The results of the pain behavior analysis conducted in our study indicated that GIK decreased the pain behavior score, suggesting that GIK alleviated UCP in mice. Additionally, the results of the energy metabolism analysis showed that several compounds in the uterine tissue of mice treated with the combination of GIK and oxytocin, including L-citrulline, L-asparagine, ornithine, 3-phenyllactic acid, 2-phospho-D-glyceric acid, and 3-phosphoglyceric acid, increased compared to those in mice treated with oxytocin alone. Furthermore, the oxidative lipid metabolomics results indicated that the combination of GIK and oxytocin treatment decreased the levels of 19R-hydroxy PGF2α, while increasing the levels of docosahexaenoic acid (DHA),16,17-EpDPE and 8-HDoHE, and linoleic acid (9,10-EpOME and 12,13-EpOME) in the mouse uterine tissue. Conversely, the levels of linolenic acid (trans-EKODE-E-Ib) decreased in the same group compared to those in the group treated with oxytocin alone. The results of glycolysis product analysis indicated a decrease in ATP levels and an increase in lactate levels within the uterine tissue following oxytocin administration. However, the additional administration of GIK led to a recovery in ATP levels. This suggests that GIK improves uterine energy metabolism without increasing lactate accumulation. Overall, these results suggest that GIK increased the production of amino acids and DHA, while decreasing the production of prostaglandin F2α analogs. Additionally, GIK promoted glycolysis and affected the production of linoleic acid. To the best of our knowledge, this study is the first to investigate the principal metabolite responsible for UCP caused by oxytocin and how GIK relieves UCP from a metabolomics perspective.

Figure 4 illustrates the glycolysis process, which involves several intermediates, including glucose-6-phosphate, fructose-6-phosphate, fructose-1,6-diphosphate, glyceraldehyde 3-phosphate, and dihydroxyacetone phosphate, among others. Compared to oxytocin only, the combination of GIK and oxytocin showed significant elevation in the levels of 2-phospho-D-glyceric acid and 3-phosphoglyceric acid, which are intermediates in glycolysis. Additionally, the results of glycolytic substance analysis indicated that compared to group O, group G exhibited an increase in ATP levels. These findings collectively suggest that, compared to using oxytocin alone, GIK promotes glycolysis and improves uterine energy supply.

Previous studies have reported that GIK has the potential to alleviate angina pectoris [12, 13] and skeletal muscle pain following ischemia [14].GIK provides glucose, and the insulin within it facilitates glucose uptake and utilization by cells, thus supplying energy to ischemic tissues.

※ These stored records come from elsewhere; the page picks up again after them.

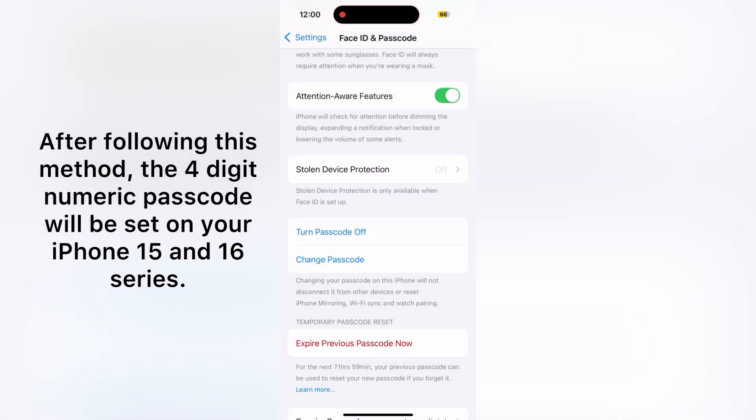After following this method, the four-digit numeric passcode will be set on your iPhone 15 and 16 series.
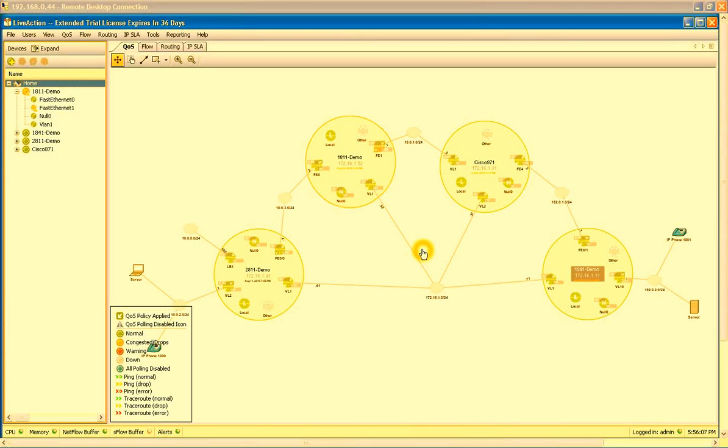David McDaniel with Action Pack Networks. Today I'm going to walk you through how to resolve a voice quality problem on your network using LiveAction.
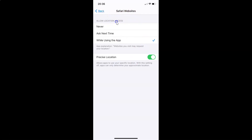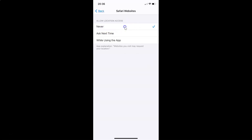Here we have the section 'Allow Location Access'. You can see various options: Never, Ask Next Time, and While Using the App. Currently I have 'While Using the App' selected — you can see the checkmark next to it. You have to select the 'Never' option, so just tap on it. You can see the checkmark is now next to 'Never'.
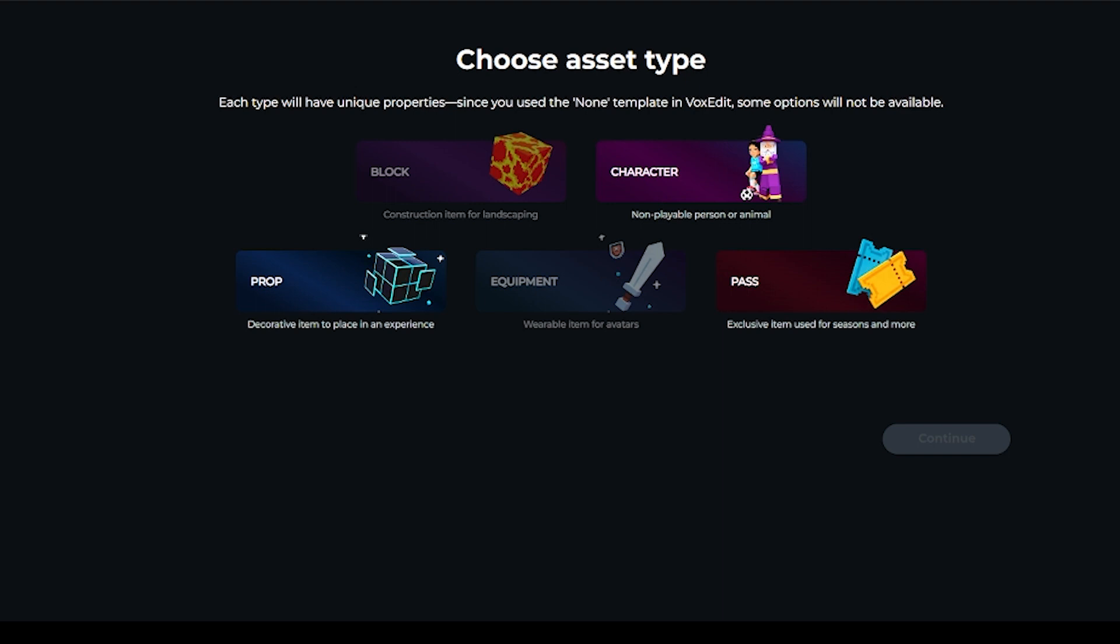A character is a non-playable person or animal. A prop is a decorative item to place in an experience. And the pass is an exclusive item used for seasons and more. This is actually something new and there will be more information about the passes coming soon, but this would be if you had an experience that you wish to potentially be gated, as people would need to purchase a special NFT to be able to use this as a pass for your game.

Research in late-term pregnant rats revealed an increase in glycogen levels in the uterine muscle layer, enhanced glycogen breakdown during labor to provide high energy, increased sensitivity of the muscle layer to insulin, and increased glucose uptake in the presence of insulin [18].This suggests that insulin and glucose play a crucial role in the energy supply to the laboring uterus. Furthermore, Anai et al. reported that pregnant women with LDH deficiency experience reduced ATP generation during uterine smooth muscle glycolysis, leading to increased UCP [19]. Disruptions in glycolytic metabolism can cause UCP and indicate that enhancing glycolysis may improve uterine energy metabolism and alleviate UCP. Based on these clues, the relief of UCP by GIK may be associated with its promotion of glycolysis and improvement of uterine energy metabolism. Morphological results of the uteri also suggest that group G exhibited more intact uterine muscle fibers and reduced interstitial edema, which may also be related to GIK’s improvement of uterine energy metabolism and mitigation of ischemic injury. However, this study did not find any differences in LDH levels among the three groups, indicating that the process by which GIK promotes glycolysis may occur upstream of lactate production. This warrants further research to provide direct evidence.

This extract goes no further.